O SNS é o conjunto das unidades sanitárias de formação e outras, dependentes do Ministério da Saúde, incluíndo as que foram nacionalizadas em conformidade com o Decreto-Lei nº 5/75, de 10 de Agosto, que concorrem para a prestação de cuidados de saúde à população (art.1). O SNS prossegue os seus objectivos através de acções promotivas, preventivas, assistenciais e de reabilitação, recorrendo à formação e pesquisa como meio para o seu desenvolvimento contínuo (art. 2).
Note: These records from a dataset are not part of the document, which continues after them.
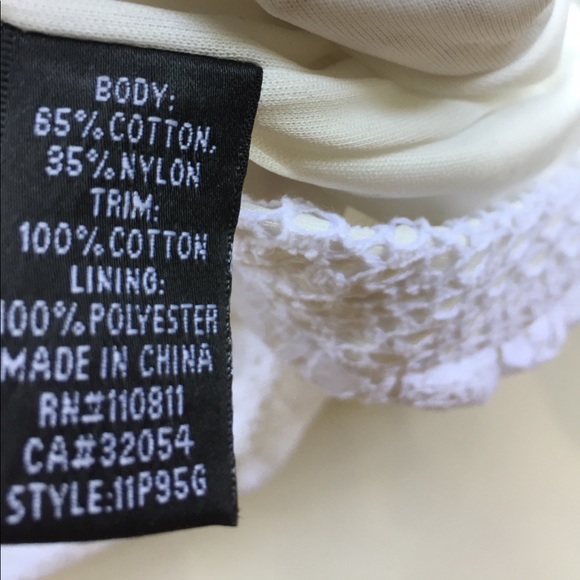 The Letter Lace Capri Pants- Mint Condition - Picture 3 of 6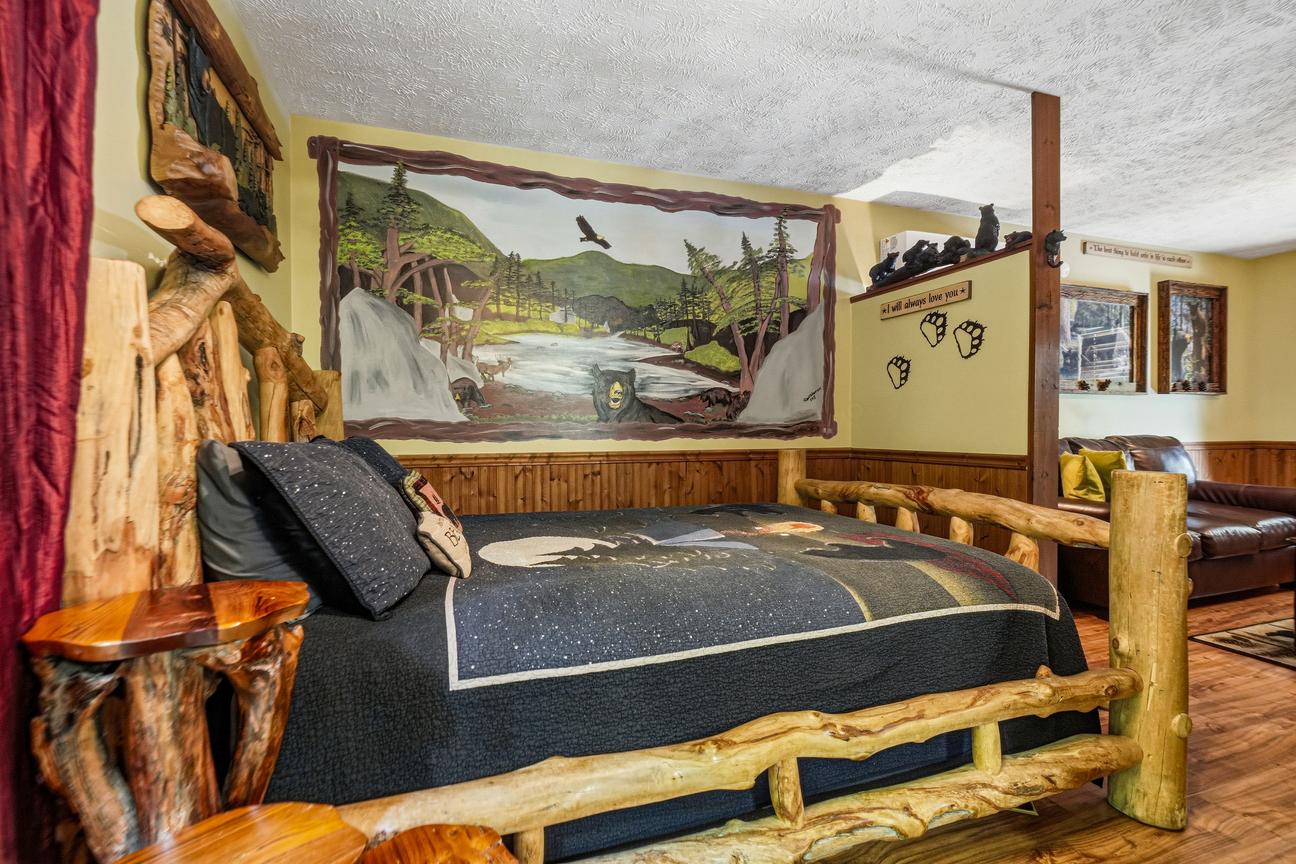 Bear Mountain Hollow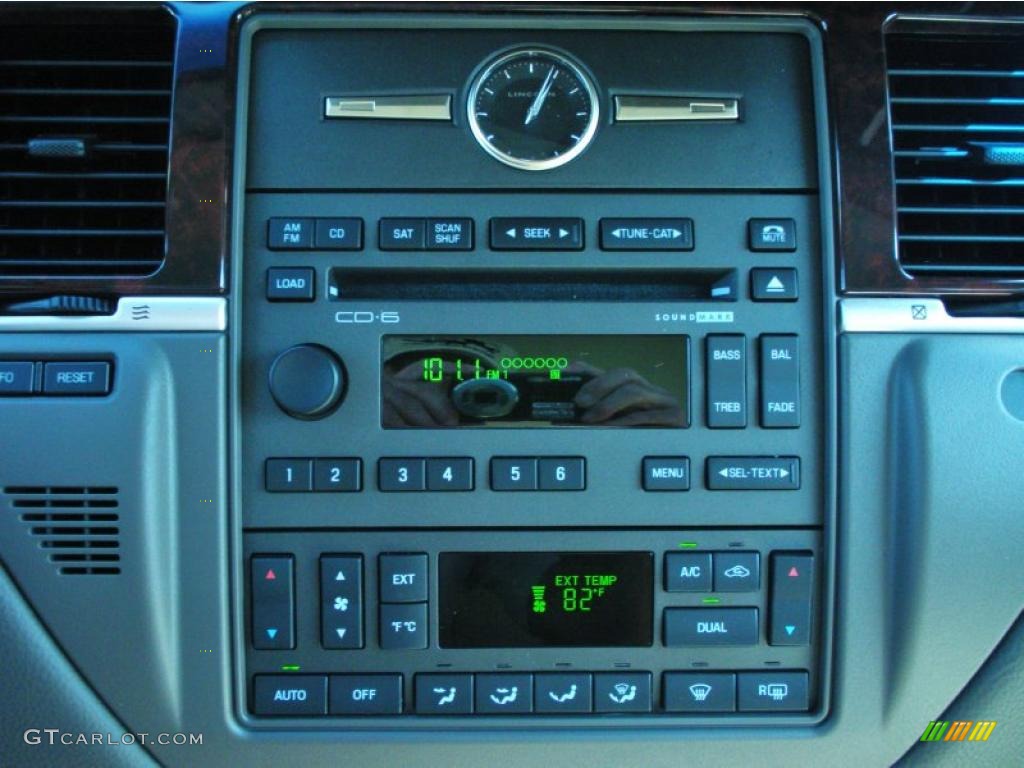 2011 Lincoln Town Car Signature Limited Controls Photo #46476828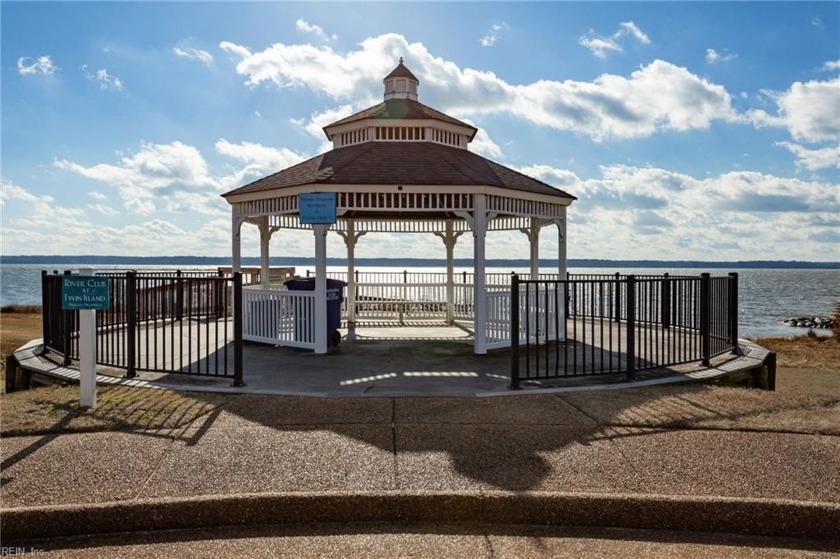 Why wait for the weekend when you can venture out on kayaks and - Beach Home for sale in Hayes, Virginia on Beachhouse.com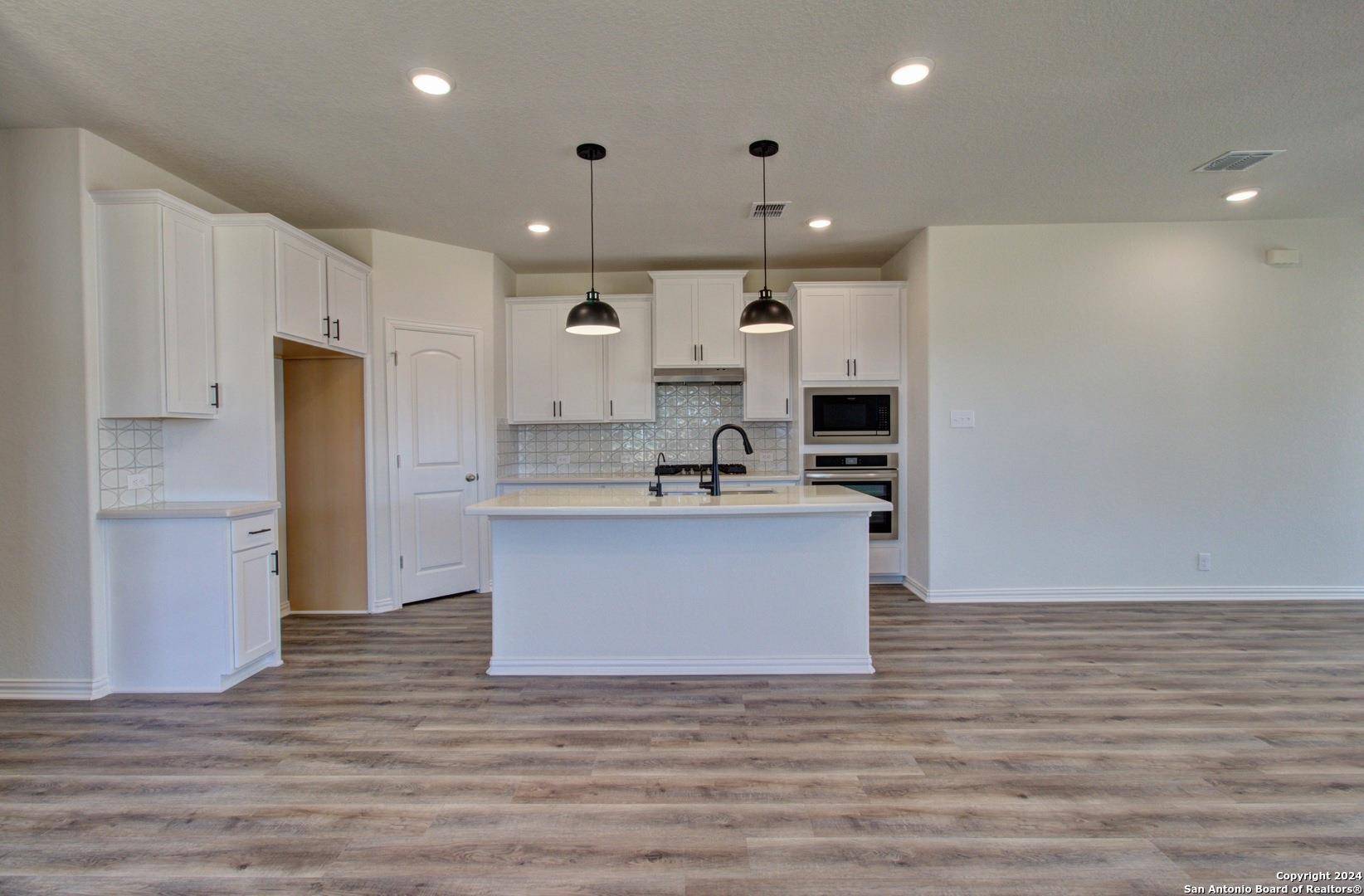 1504 Spechts Ranch RD, New Braunfels, TX 78132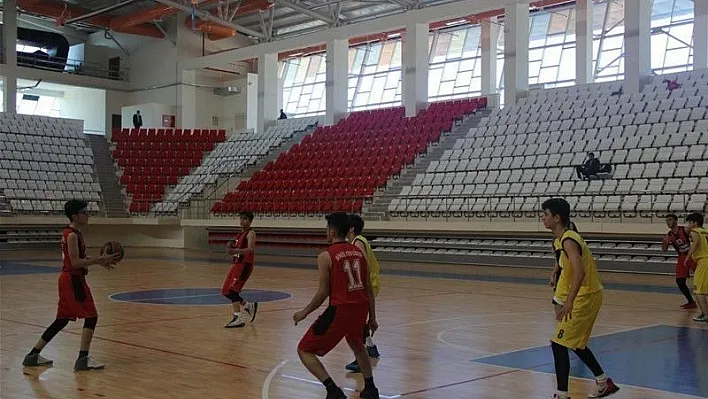 Erzincan basketbol grup müsabakalarına ev sahipliği yapıyor
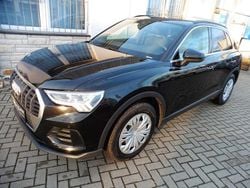 Mythosschwarz metallic Gebraucht 2020 Audi Q3 Sport SUV | 24.950 € (Fairer Preis)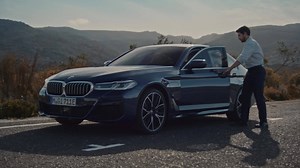 69 reactions · 4 comments | Lead with confidence at the wheel of THE new 5. Enhanced smartphone integration enables key information from your mobile apps to be presented on the in-vehicle Control Display, granting easy access to entertainment or navigation functions on the road. Reserve a test drive in this modern business sedan now. #BMW #BMWSingapore #THE5 | BMW Singapore | Facebook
As instituições do SNS têm funções de supervisão, fiscalização e de apoio técnico às unidades que lhes são de nível inferior, sejam elas do sector público sejam do sector privado (art. 3).

No exercício da sua actividade, o SNS apoia-se com o subsistema de prestação da assistência médica e sanitária de entidades privadas, com fins lucrativos a não lucrativos, criado pela lei nº 26/91, de 31 de Dezembro.

A lei nº26/91 autoriza a prestação de cuidados de saúde em estabelecimentos próprios ou domicílios do doente e o transporte de doentes, mulheres grávidas e parturientes, por pessoas singulares ou colectivas de direito privado com caracter lucrativo ou não. Este documento legal define, no seu artigo 3 que os estabelecimentos sanitários do sector privado complementam a acção do sector público e com ele colaboram.

Os artigos 4, 5 e 6 da Lei nº26/91, de 31 de Dezembro, apresentam respectivamente as condições gerais de autorização para o exercício da actividade objecto desta lei, o reconhecimento, o registo, os deveres e as obrigações das entidades autorizadas. Este dispositivo legal preceitua no artigo 7 que em caso de catástrofe ou outras graves emergências de saúde, o Ministro da Saúde poderá proceder a requisição dos profissionais de saúde e os estabelecimentos sanitários privados.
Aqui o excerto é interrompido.